◆ **Exercise**:
Copy the lines below as they are; omit the images they contain.

◆ **Dataset extract**:
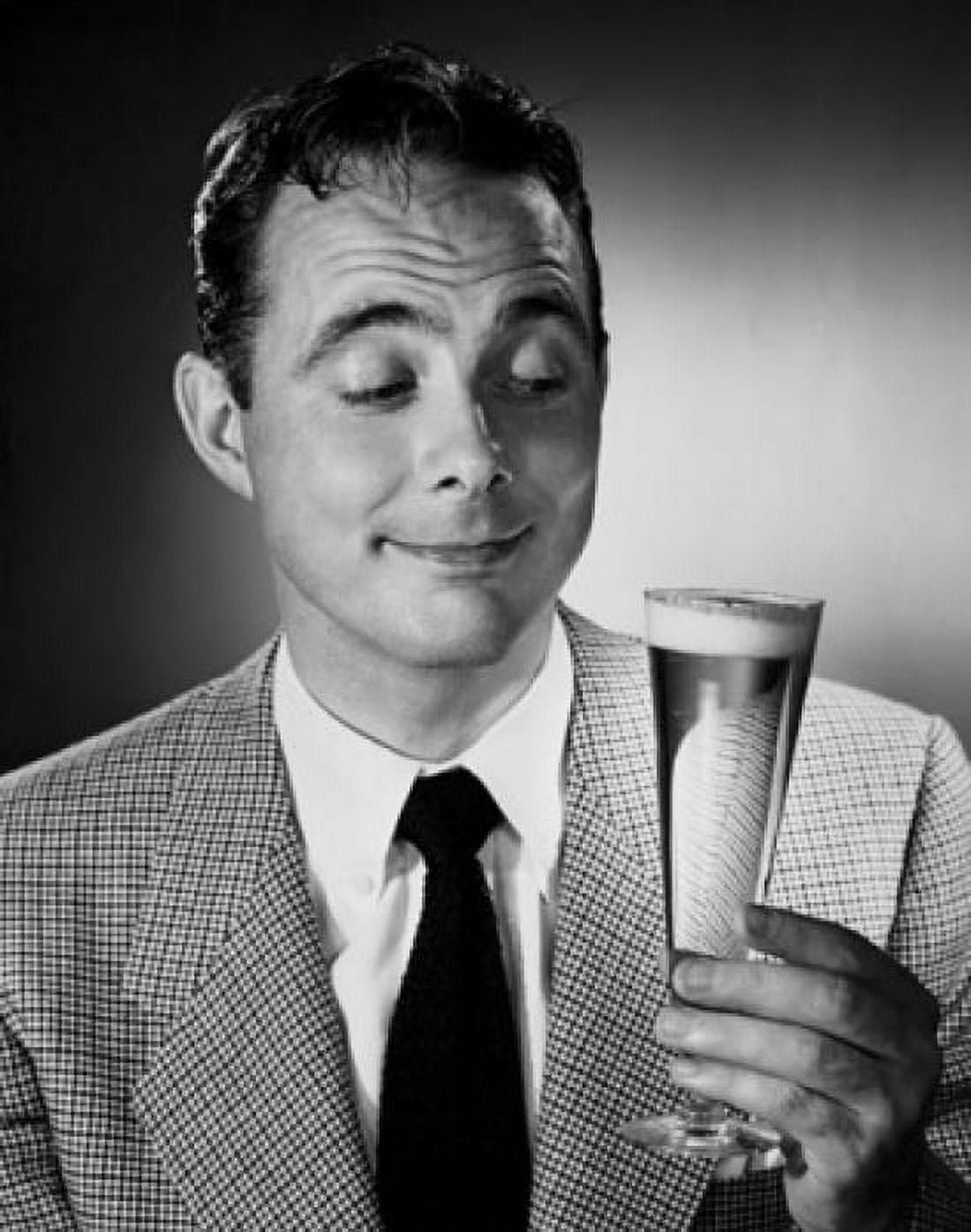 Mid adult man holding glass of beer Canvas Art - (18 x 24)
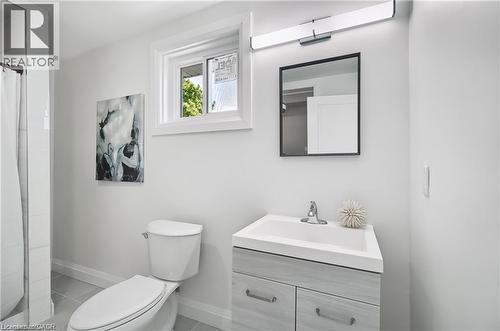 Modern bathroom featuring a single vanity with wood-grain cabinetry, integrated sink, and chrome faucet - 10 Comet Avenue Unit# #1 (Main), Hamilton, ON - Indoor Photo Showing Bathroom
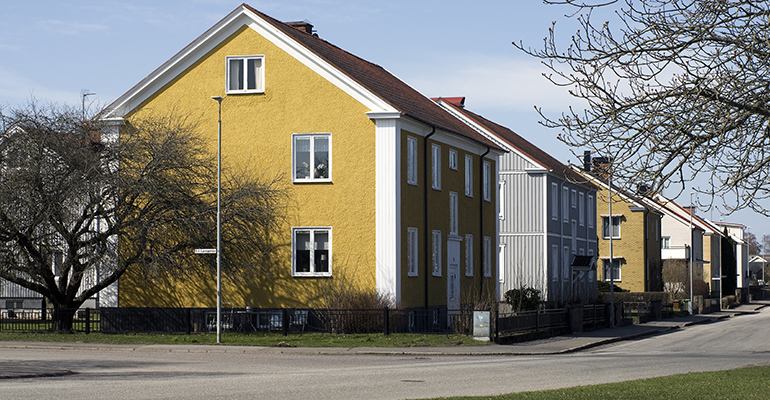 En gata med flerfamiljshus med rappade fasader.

◆ **Output for this exercise**:
 Mid adult man holding glass of beer Canvas Art - (18 x 24)
 Modern bathroom featuring a single vanity with wood-grain cabinetry, integrated sink, and chrome faucet - 10 Comet Avenue Unit# #1 (Main), Hamilton, ON - Indoor Photo Showing Bathroom
 En gata med flerfamiljshus med rappade fasader.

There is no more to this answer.